To bungle something is to make a clumsy job of it.

Although the word has a fairly modern feel to it, it goes back about 500 years.

The Oxford English Dictionary hasn't yet updated its entry for bungle from the second edition so maybe there's a change coming, but the entry currently claims bungle to be onomatopoeic.  That's to say that the word bungle may have been formed based on some sound or other that represents some clumsy ham-fisted performance.

I imagine dropping a large pot or something and having it bong and rattle as it tumbles across the kitchen.

Merriam-Webster's Unabridged dictionary suggests that the etymology might be Scandinavian pointing to a Swedish word bangla with much the same meaning.

Etymonline says this Swedish word came from an Old Swedish bunga meaning “to strike” and I think he gets that from a note in the OED saying that Walter Skeat—that great etymologist of 100 years ago—had pointed this out.

Merriam-Webster's also points to an Icelandic word banga meaning “to hammer” so perhaps it's this banging sound that gives bungle its onomatopoeic root.

I mentioned that the word goes back 500 years in English and the person who first wrote it down was a fellow named John Palsgrave in 1530.  The work it appeared in was something called Lesclarcissement de la langue françoyse.

“Wait a minute” I hear you thinking.  “That doesn't sound much like a work of English writing. That sounds sorta French.”

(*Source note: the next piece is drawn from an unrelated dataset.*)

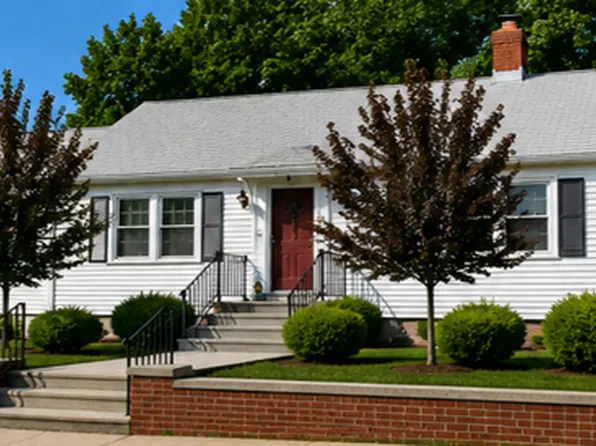 41 Bronx Rd, West Roxbury, MA 02132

You'd be right about that.

But John Palsgrave was not assigning the title to his book for marketing purposes.  The title translates as “the clarification of the French language” and the book itself was actually written for English readers.

These days the marketing department wouldn't have let Palsgrave get away with a title that his most likely buyers couldn't understand.  But Palsgrave was already a bit of a brand name himself among the rich and educated so he probably didn't care about the marketing department much.

Palsgrave got his big break when King Henry VIII assigned him the task of teaching Mary, the King's sister, French.

Mary thought Palsgrave was a great teacher and she must have learned something because she ended up marrying King Louis XII of France.

I just want to touch on Palsgrave's first use of bungle since it brings up a word we don't use anymore.  Palsgrave gives sentences in English and then their equivalent in French.  The bungle sentence says

“a man may bongyll it up in a senyght but he canne nat make it parfyte in lesse than a moneth.”

A senyght is a “week”; seven nights.